EXPOSITION 24/01 > 23/02

Dans le jardin enchanté et illusoire de Mélissa Ansel, dans son arbre aux mille branches, l’harmonie peut germer du fouillis, d’un tohu-bohu ! La recette est savoureuse et ne manque pas d’audace. Il s’agit donc de réunir à nouveau trois éléments distincts, de deviner leurs natures, de leur gratter la caroncule, de les affaiter sans en avoir l’air et de leur offrir, après une couvée de douze mois, un espace bien au chaud pour passer l’hiver. Au bout de l’an, ils sauront pondre un œuf et de leur matière grise et colorée naitra un réjoui et troublant collectif.

Trouver un titre à l’aventure c’est le plus agaçant car il s’agit peu ou prou de commencer à se définir. C’est irritant. C’est inhibant. Il faudrait lever un voile qu’on aime garder opaque. C’est beaucoup demander à ces trois instinctifs-ci, qui n’aiment rien tant que bousculer l’air et les espaces, l’indéfinissable et le mystérieux.

  • Nous sommes trois oiseaux, a soudain dit Thomas.

  • Lightly. Comme la lumière et la lenteur que j’aime, a renchérit Annick.

  • Petit à petit, l’oiseau fait son nid, a pensé Matthieu, sans peut-être le dire.

C’était un bon départ pour construire leur humanité. Pour tresser la forme de leur commun panier. Concevoir avec délicatesse, soin, doutes et réflexions, fabriquer avec patience et se jeter enfin à l’eau. Comme quand le chat guette l’oiseau.

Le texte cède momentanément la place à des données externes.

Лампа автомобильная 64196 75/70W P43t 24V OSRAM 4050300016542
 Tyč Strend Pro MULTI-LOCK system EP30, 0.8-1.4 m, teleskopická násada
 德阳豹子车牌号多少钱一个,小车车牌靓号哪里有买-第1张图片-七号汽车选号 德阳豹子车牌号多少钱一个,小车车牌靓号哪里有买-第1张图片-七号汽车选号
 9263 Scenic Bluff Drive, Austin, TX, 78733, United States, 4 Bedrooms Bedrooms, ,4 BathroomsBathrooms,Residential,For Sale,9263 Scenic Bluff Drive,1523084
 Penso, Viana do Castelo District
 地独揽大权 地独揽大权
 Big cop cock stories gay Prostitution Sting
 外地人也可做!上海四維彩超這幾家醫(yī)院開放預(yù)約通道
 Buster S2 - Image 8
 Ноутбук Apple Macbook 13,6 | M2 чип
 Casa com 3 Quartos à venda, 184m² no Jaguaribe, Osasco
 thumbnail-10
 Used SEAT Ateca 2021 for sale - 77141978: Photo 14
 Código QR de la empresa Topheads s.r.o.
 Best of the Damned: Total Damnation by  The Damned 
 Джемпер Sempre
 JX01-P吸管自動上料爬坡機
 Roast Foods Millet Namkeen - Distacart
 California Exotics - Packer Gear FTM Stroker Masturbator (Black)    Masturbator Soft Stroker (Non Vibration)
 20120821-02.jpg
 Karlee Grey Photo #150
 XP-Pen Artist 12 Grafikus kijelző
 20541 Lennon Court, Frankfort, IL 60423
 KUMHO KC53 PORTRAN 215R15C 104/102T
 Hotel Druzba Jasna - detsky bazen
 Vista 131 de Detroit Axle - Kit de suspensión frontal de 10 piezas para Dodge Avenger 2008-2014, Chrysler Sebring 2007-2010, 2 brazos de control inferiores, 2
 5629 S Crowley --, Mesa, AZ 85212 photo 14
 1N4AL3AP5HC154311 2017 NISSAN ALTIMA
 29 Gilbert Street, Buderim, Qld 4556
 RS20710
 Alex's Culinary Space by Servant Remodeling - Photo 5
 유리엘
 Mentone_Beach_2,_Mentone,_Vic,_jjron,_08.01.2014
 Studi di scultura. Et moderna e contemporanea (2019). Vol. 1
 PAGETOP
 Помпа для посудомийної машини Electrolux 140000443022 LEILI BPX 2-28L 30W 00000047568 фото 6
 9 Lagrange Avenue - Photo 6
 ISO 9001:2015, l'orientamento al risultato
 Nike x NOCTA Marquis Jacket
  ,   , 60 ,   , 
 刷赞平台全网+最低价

Lightly lightly catchee bird. Tel sera le nom du nid.

 

Je glane, tu as glané, elle glanera, nous glanions, vous glanâtes, ils glanèrent. Ensemble. Des glaneurs célestes. Une cueillette d’images et de ressentis. Glaner, c’est ramasser dans les champs les épis qui ont échappé aux moissonneurs. Ce que l’on ne voit pas, ce que l’on ignore, ce qui n’a pas une valeur de profit est pour eux une aubaine. Ainsi, le nez au vent, volages équilibristes, cela ils l’appréhendent, ils le ramassent, l’observent, le récupèrent, le démontent, le remontent, le déboitent, l’apprivoisent, le recyclent, l’enluminent, le réparent, le caressent, le chérissent.  

Ils prennent le temps. Sans mise en scène, sans rien forcer. Par petites touches. En plusieurs couches. Le geste simple et intuitif. On fait avec ce qu’on a. Il suffirait de se baisser pour ramasser. Du papier, du bois, du plastique, du tissu, des pierres et des clous, des ampoules, des matériaux déjà utilisés, des dessins d’enfants oubliés, des boites à musique cassées, une robe de peintre tâchée. Muni.es de ce bric à brac, de ce trésor, on peut alors s’acharner à flotter, à ne pas ressembler, à rester instables et rendre visible nos vulnérabilités.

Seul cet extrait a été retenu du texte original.